Documents now support with-statements:

# Automatic cleanup
with pdfium.PdfDocument("document.pdf") as pdf:
    page = pdf[0]
    bitmap = page.render()
    # PDF automatically closed when exiting block

enhanced error handling

Errors now include PDFium error codes:

try:
    pdf = pdfium.PdfDocument("corrupted.pdf")
except pdfium.PdfiumError as e:
    print(f"Error code: {e.err_code}")
    # Error codes from PDFium:
    # 0: Success
    # 1: Unknown error
    # 2: File access error
    # 3: Format error
    # 4: Password error
    # 5: Security error
    # 6: Page not found

page flattening

Previously private method now public:

# Flatten annotations and form fields into page content
page.flatten()
# Useful for:
# - Preventing annotation editing
# - Ensuring consistent rendering
# - Reducing file complexity

improved image rendering

New option for native resolution rendering:

# Render image at original pixel size for best quality
image_obj = page.get_objects(filter=[pdfium.FPDF_PAGEOBJ_IMAGE])[0]
bitmap = image_obj.get_bitmap(render=True, scale_to_original=True)

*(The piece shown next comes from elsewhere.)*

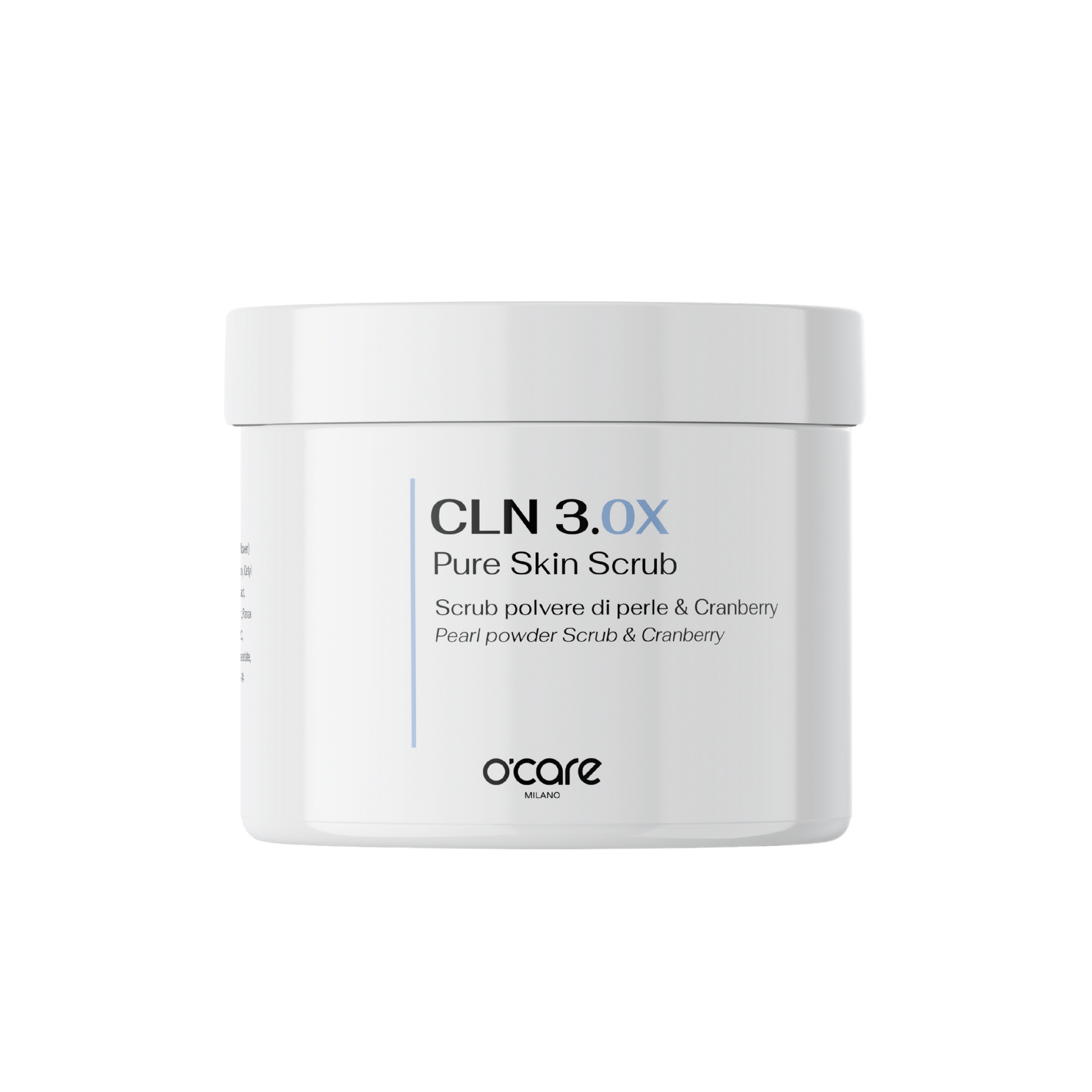 O'Care Pure Skin Scrub CLN 3.0X bottle with white and green label, 500ml, featuring exfoliating scrub particles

# Previous approach scaled to page size
# New approach preserves original image dimensions

bitmap rendering options

Enhanced rendering control:

# Render with alpha channel for transparency
bitmap = page.render(use_alpha=True)

# Standard rendering without alpha
bitmap = page.render(use_alpha=False)

# Note: maybe_alpha is a CLI option, not an API method
# In code, explicitly check for transparency:
if pdfium_c.FPDFPage_HasTransparency(page):
    bitmap = page.render(use_alpha=True)

cli enhancements

dark theme rendering

New options for dark mode PDFs:

# Invert lightness while preserving color relationships
pypdfium2 render input.pdf output --invert-lightness

# Exclude images from inversion
pypdfium2 render input.pdf output --invert-lightness --exclude-images

# Convert fills to strokes for better visibility
pypdfium2 render input.pdf output --fill-to-stroke

Implementation uses HLS color space for intelligent inversion.

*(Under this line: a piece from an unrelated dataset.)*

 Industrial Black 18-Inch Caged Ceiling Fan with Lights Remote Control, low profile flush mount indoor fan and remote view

enhanced rendering controls

# Render with custom color scheme
pypdfium2 render input.pdf output \
    --color-scheme custom \
    --fill-to-stroke \
    --invert-lightness

# Process specific pages with options
pypdfium2 render input.pdf output \
    --pages 1-10 \
    --scale 2.0 \
    --rotation 90 \
    --crop 10,10,10,10

platform support expansion

mobile platforms (experimental)

New in v5.0 - experimental support for mobile:

Android architectures (partially working):

  • arm64-v8a - Modern 64-bit devices
  • armeabi-v7a - Older 32-bit devices
  • x86_64 - 64-bit emulators
  • x86 - 32-bit emulators

iOS architectures (not yet functional):

  • arm64 - Physical devices
  • arm64 - M1+ Mac simulators
  • x86_64 - Intel Mac simulators

⚠️ Important limitations:

  • Android support is experimental but somewhat functional
  • iOS support infrastructure exists but does not actually work yet
  • No wheels are distributed for mobile platforms at this time
  • This is provided on a best-effort basis and largely untested
# Installation on mobile platforms (experimental)
# Android (via Termux or similar) - may work
pip install pypdfium2 --platform android_arm64

# iOS - infrastructure only, not functional yet
# pip install pypdfium2 --platform ios_arm64  # Won't work

enhanced linux support

Added support via cibuildwheel:

  • ARM64 (aarch64)
  • RISC-V (riscv64)
  • LoongArch64 (loongarch64)
  • PowerPC64 LE (ppc64le)
  • S390x (s390x)

build system improvements

native build option

Build without Google’s toolchain:

# Use system compiler (GCC/Clang)
python setupsrc/pypdfium2_setup/build_native.py

# Automatically triggered for unsupported platforms
pip install pypdfium2 --no-binary :all:

security verification

SLSA provenance verification support:

# Download and verify authenticity
pypdfium2 update --verify

# Requires slsa-verifier tool
# https://github.com/slsa-framework/slsa-verifier

platform detection

Improved platform detection in autorelease/bindings.py:

import pypdfium2

# Get platform information
info = pypdfium2.PDFIUM_INFO
print(f"Platform: {info.platform}")
print(f"Architecture: {info.arch}")
print(f"V8 Support: {info.v8_enabled}")
print(f"XFA Support: {info.xfa_enabled}")

performance optimizations

memory leak fixes

Fixed ctypes pointer caching issues:

# ❌ OLD problematic pattern
ptr = cast(address, POINTER(c_char)).contents

# ✅ NEW safe pattern
ptr = c_char.from_address(address)

Affected APIs:

  • Buffer operations
  • Bitmap creation
  • Document loading
  • Text extraction

startup performance

Deferred imports for optional dependencies:

# PIL, NumPy, CV2 only imported when needed
# Reduces startup time by ~30% when not using image features

# These imports now happen lazily:
# - PIL: When using to_pil() or from_pil()
# - NumPy: When using to_numpy() or from_numpy()
# - CV2: When using OpenCV integration

version parsing optimization

Eliminated expensive git operations:

# Old: git ls-remote to check versions (slow)
# New: Read embedded VERSION file (instant)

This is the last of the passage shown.